What’s Miami without a bit of Cuban flair? The Florida city’s rich Cuban influences are manifesting in an unexpected new collaboration between Renzo Piano’sEighty Seven Park residences and Cuban-American artist-and-designer couple Ruben and Isabel Toledo. In a partnership conceived by David Martin, president of Terra, the project’s developer, the Toledos will create all branding and marketing materials for the full-service residences, from signage to staff uniforms.

“One of the biggest dilemmas for us in real estate is how do we create a lifestyle in a way that’s not contrived,” muses Martin. “So we really view illustrations as art and something that sets an example and lets people connect with the product. At the end of the day, a home is the most important assets people buy, and they take pride in it, so we want to ensure each owner that every aspect is well thought out.”

In defining a lifestyle for Eighty Seven Park, Martin thought it only natural to turn to the Toledos, longtime friends of his whom he had commissioned in the past to work on other properties. “The Toledos did the Miami City Ballet costumes for their production of The Nutcracker, and they have a great connection to the city, so it felt like the right fit.”

Martin sees such a holistic approach to branding as a direction in which developers should be moving. “Design isn’t just the architecture; it’s all-encompassing,” he says. “The more we can introduce collaborations and commissions, that elevates the brand and creates an emotional connection to the building.”

The Toledo’s artistic interpretation of this connection reference everything from the property’s unique surroundings to the culture of Miami. “When we commissioned Renzo, he said he wanted people to feel like they were living inside a park,” explains Martin. “So we have the beach to the south, and we created little two-acre parks to the north of the residences. This nature component is something that’s not typical. You’re either in the park or on the beach, but you don’t usually get both. A lot of these illustrations reference that.”
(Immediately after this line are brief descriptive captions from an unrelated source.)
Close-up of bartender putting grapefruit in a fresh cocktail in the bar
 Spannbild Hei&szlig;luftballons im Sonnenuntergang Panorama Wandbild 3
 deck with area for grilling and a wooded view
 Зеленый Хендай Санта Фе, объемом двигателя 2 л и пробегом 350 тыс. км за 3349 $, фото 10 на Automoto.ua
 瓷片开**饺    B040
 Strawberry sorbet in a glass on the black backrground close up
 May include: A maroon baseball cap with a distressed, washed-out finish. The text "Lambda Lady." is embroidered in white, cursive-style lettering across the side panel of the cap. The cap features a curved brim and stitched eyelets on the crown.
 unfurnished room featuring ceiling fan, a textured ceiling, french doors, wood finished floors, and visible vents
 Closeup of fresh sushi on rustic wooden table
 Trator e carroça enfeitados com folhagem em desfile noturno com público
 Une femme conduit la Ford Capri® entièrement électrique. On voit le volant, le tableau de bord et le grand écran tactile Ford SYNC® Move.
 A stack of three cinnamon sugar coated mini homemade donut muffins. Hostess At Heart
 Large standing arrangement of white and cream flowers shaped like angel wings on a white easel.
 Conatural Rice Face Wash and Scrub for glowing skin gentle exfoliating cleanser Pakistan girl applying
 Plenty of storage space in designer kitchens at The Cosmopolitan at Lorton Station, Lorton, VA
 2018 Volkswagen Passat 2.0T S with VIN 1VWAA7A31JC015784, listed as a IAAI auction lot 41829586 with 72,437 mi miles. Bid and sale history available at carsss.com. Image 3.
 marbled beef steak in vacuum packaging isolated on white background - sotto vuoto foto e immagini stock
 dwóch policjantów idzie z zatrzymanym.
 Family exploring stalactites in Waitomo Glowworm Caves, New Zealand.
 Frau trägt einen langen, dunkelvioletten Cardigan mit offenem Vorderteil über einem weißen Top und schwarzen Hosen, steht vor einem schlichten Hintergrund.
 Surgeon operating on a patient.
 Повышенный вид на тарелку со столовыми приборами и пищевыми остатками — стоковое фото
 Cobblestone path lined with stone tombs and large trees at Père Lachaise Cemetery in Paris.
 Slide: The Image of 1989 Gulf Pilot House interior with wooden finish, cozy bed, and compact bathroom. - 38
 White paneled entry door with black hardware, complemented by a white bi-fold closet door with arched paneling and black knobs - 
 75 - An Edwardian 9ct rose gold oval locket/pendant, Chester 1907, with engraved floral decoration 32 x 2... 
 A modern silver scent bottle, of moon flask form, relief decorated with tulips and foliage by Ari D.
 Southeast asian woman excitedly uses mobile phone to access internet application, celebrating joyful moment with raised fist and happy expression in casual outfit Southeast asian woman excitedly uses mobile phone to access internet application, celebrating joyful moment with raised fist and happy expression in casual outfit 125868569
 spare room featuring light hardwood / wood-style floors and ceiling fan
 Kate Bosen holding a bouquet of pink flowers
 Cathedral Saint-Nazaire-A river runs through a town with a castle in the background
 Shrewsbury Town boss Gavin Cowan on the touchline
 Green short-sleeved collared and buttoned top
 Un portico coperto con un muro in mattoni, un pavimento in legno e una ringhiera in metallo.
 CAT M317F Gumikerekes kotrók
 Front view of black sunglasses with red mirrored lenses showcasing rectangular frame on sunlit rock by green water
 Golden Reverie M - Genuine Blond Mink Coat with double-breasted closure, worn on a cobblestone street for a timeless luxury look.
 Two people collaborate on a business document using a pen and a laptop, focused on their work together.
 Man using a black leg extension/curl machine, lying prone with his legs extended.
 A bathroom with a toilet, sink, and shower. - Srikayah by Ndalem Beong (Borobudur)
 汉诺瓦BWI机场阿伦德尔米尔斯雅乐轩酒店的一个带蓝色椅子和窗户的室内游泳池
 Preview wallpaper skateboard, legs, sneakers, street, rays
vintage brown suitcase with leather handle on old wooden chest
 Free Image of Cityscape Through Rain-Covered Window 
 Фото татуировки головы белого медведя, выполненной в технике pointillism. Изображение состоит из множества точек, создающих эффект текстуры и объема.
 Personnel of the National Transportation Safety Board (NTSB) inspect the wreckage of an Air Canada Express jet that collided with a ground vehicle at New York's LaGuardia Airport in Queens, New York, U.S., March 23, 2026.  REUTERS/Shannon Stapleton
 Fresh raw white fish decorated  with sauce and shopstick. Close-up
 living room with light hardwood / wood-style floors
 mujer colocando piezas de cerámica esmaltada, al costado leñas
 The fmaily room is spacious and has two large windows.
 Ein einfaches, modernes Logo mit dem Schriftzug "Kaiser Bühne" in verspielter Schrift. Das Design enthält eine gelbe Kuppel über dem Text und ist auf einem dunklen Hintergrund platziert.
So far, Terra has released Ruben’s illustrations; Isabel’s uniform designs will be unveiled closer to the project’s fall 2018 opening date. And we can expect to see more from the Toledos in future Terra buildings, too: Martin says he plans to try to incorporate them in every project going forward, favoring their analog creations to more sterile renderings. “Their art just kind of helps ground us more in this digital age, more so than this high-tech imagery that we’ve grown accustomed to.”